Leading architecture firm Bates Smart chose curved bricks from Robertson's Building Products Pty Ltd to provide a tactile experience to children at the new Woodstock Early Learning Centre in Sydney Olympic Park. The glazed bricks with custom curves reinforce the learning centre’s playful nature.

Bates Smart’s design for developer Ecove Group was based on creating a relatable, fun, playful and tactile building for young children attending the centre. Nestled adjacent to the recently completed 36-storey Opal Tower apartments, also designed by the Bates Smart team, the series of seven pavilions making up the learning centre are sure to delight the senses of every child who enters its doors.

Bates Smart was able to meet their design objectives by combining a thoughtful, creative design with a highly colourful and tactile material palette, driven by bricks.

Though the building is integrated into the new Opal Tower development, the Woodstock ELC stands alone as seven distinct pentagonal pavilions, replicating the five sides of the site’s boundaries. Four of the pavilions are playrooms, arranged around a common outdoor play area, and the remaining three house administration and support spaces. Curved corners and pitched rooves, sloping in different directions, complete the pavilions’ unique design.

Jonathan Claridge, Associate, Bates Smart explains, “The pitched roof was designed to echo a typical residential building… and we used curved corners to make the building appear more welcoming and softer, breaking down the scale and making it feel a little more residential or domestic in scale so it wouldn’t be so daunting for the children attending the childcare – so it would seem like a more fun and playful building.”

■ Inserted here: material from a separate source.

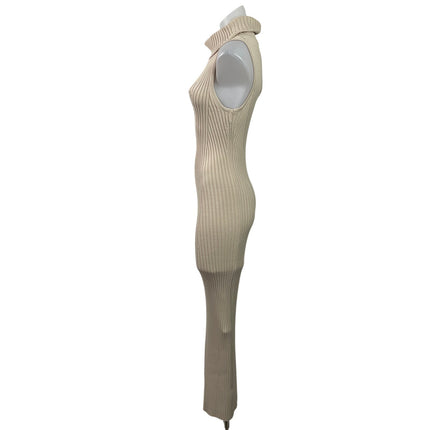 ASTR The Label Cream Beige Sleeveless Rib Knit Turtleneck Maxi Sweater Dress XS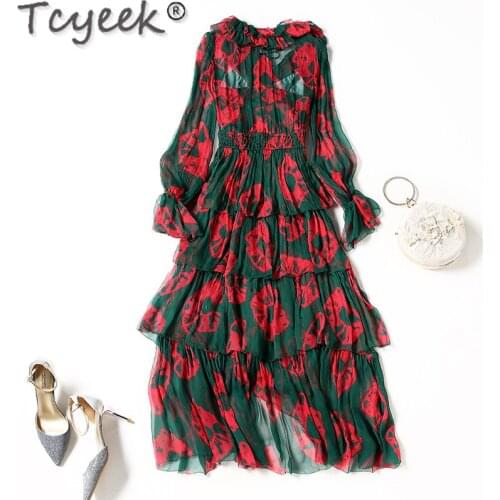 Summer Spring Dress 200% Silk Floral Dresses for Women Elegant Long Sleeve Dress Korean Fashion Vestido De Mujer 8877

Following DA approval and prior to construction, Bates Smart worked closely with Robertson’s Building Products “to determine the specification of those curved bricks, what the radius of those corners could be and the various custom bricks types that were required to achieve those curves,” Jonathan remarks.

Bricks were important to the Centre’s design for their domestic quality and for the scale, size and texture that they added to a design.

Jonathan explains that they liked the idea of bricks being a textural experience for the children, so they’d be more willing to touch and feel the building. Exploring the idea further, they decided to use glazed bricks to elevate this domestic material into something more special. The glaze made the building more colourful, really reinforcing its playful nature.

After consulting with Peter Robertson, the Bates Smart team selected five different Robertson’s Building Products glazed bricks for the ELC comprising of four custom greens and a light grey. The glazed bricks complemented Opal Tower’s green façade, which took its colours and hues from the surrounding Bicentennial Park.

“The way that the light reflects off the bricks at different times of the day is one of those unexpected qualities, and the appearance changes throughout the day; the way the light hits the face of the building and the curves is particularly pleasing,” Jonathan comments.

The glazed bricks are also a little different with a slight texture instead of just a flat coat of glazing. The slightly uneven texture lends a unique quality to each brick, adding to the reflective nature of the brick and producing a more interesting appearance.

When Woodstock ELC welcomes 80 young children through its doors, there is no doubt they will react just as the Bates Smart team expects them to – with absolute delight and excitement at having a fun and interactive environment in which to learn and play.